أجمعوا على عدم وقوع النقص فيما تواتر قرآنا كما هو موجود بين الدفتين اليوم، نعم أسقط زمن الصديق ما لم يتواتر وما نسخت تلاوته … وعليه يحمل ما رواه أبو عبيد عن ابن عمر قال: لا يقولن أحدكم قد أخذت القرآن كله وما يدريه ما كله قد ذهب منه قرآن كثير ولكن ليقل قد أخذت منه ما ظهر

“Verily they (i.e. people of Sunnah) have agreed on there being no loss in the Qur’an as is continuously reported like we today find between the two bindings. Yes during the time of (Abu Bakr) as-Sidiq the part which was not reported continuously and was (rather) abrogated was dropped (out of the official mushaf)…and to this relates that which is reported by Abu ‘Ubayd from Ibn ‘Umar, who said: ‘None of you should say that he has taken the whole of the Qur’an; how could he know what all of it was! A lot of the Qur’an has passed him by! Let him say instead: I have taken of the Qur’an that which became apparent.’”[12]

The above mentioned narration of Sahih Bukhari is very significant. One of the two who said “The Prophet left nothing except what is between the two bindings” was Ibn ‘Abbas, and in the narration quoted by al-Baqilani we find him reporting and listening to the comment of his teacher Ubayy bin Ka‘b which is same as that of Ibn ‘Umar. Connecting the dots we make out that he understood Ubayy did not mean to say that some part of the Qur’an that the Prophet had left for the Ummah might have been missed and could not be found anymore by the person claiming to have memorized the whole of it. It rather shows that Ibn ‘Abbas fully knew that what Ubayy referred to was something exclusive to what the Prophet had left for the Ummah as eternal guidance (i.e. it was the abrogated part). And we have already seen that the narration of Ibn ‘Umar quoted by Ibn Hajr on the authority of Ibn ad-Durays makes the same point very plainly.

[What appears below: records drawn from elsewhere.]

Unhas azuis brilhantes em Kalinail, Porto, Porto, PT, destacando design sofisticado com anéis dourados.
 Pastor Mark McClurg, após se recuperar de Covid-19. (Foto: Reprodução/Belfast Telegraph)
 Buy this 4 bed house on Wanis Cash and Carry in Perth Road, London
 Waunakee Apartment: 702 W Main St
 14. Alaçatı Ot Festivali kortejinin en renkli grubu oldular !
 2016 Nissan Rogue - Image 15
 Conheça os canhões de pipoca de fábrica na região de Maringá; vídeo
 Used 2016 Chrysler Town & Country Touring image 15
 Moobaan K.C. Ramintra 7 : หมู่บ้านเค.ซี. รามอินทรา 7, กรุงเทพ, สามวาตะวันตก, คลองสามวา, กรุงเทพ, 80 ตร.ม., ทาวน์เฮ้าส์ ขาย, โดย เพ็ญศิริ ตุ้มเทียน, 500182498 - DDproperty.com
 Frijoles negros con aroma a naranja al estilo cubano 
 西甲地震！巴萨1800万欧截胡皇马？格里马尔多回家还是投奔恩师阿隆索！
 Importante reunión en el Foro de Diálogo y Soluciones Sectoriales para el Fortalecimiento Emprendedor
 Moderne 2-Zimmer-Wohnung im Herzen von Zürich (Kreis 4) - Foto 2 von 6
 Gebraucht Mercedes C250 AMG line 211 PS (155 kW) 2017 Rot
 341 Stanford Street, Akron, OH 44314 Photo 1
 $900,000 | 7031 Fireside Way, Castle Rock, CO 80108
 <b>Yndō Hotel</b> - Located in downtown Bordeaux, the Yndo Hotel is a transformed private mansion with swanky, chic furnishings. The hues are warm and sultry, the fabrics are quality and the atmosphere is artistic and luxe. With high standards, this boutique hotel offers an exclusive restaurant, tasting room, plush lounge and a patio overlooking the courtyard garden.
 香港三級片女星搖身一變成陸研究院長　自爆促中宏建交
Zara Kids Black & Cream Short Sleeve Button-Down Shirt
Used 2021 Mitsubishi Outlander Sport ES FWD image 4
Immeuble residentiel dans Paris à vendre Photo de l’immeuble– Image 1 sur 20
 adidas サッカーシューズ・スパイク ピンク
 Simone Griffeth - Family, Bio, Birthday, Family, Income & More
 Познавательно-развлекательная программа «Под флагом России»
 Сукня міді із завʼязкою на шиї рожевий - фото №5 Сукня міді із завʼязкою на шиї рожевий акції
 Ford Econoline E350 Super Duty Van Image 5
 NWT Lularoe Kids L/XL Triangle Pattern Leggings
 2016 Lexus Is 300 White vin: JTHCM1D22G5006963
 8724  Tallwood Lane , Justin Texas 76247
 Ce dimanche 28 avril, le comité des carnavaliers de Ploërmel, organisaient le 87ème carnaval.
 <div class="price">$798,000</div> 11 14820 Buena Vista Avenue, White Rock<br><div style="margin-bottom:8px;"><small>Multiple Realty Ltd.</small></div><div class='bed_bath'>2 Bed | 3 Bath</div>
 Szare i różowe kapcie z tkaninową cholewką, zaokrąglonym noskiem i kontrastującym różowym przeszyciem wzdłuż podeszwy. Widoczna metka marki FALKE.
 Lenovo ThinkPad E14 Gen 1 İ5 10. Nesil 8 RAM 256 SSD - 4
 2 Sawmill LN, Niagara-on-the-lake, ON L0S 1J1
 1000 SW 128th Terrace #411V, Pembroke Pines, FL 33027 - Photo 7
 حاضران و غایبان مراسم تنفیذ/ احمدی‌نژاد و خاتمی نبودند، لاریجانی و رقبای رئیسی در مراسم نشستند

Another significant observation about Bukhari’s narration is that the two who testified for the Qur’anic preservation are Ibn ‘Abbas, the cousin of ‘Ali bin Abi Talib, and Muhammad bin al-Hanafiyyah, the son of ‘Ali bin Abi Talib. Their testimony is quite sufficient to lay to rest any arguments by some extreme Shiites who say the Qur’an was tampered with to remove verses in favor of ‘Ali. Had this been the case these two close relatives of ‘Ali would have not failed to make a mention of it.

4- Two objections answered

Having explained the narration let us now turn to two possible questions.

4.1 Why did Ibn ‘Umar refer to the abrogated verses as the Qur’an?

Before finding the answer to this question let us have another look at the narration of Ibn ad-Durays:

“‘Ibn Umar used to dislike the person who said, ‘I have recited the whole of the Qur’an.’ He (Ibn Umar) used to say, ‘But (the reality is) a part of the Qur’an has been abrogated.’”

Very much like our explanation to the narration we are discussing, this report shows that Ibn ‘Umar referred to the abrogated verses as Qur’an. With the clarity in its last words this narration takes away all the rhetoric power of the question and reduces it to a mere query having no ability whatsoever to cast doubts on the validity of the explanation offered.

Dr. Sa‘d bin ‘Abdullah al-Humayyid comments on this narration in his research of Sunan Sa‘eed bin Mansoor:

و يفهم من كلام ابن عمر لضى الله عنه: أنه في رأيه أن الآيات المنسوخة بعد نسخها تسمى كذالك قرآناً أو باعتبار ما كان

“And it appears from the words of Ibn ‘Umar that in his opinion even the abrogated verses could also be called Qur’an after their being abrogated or (they could be so called) by the way what they once were.”[13]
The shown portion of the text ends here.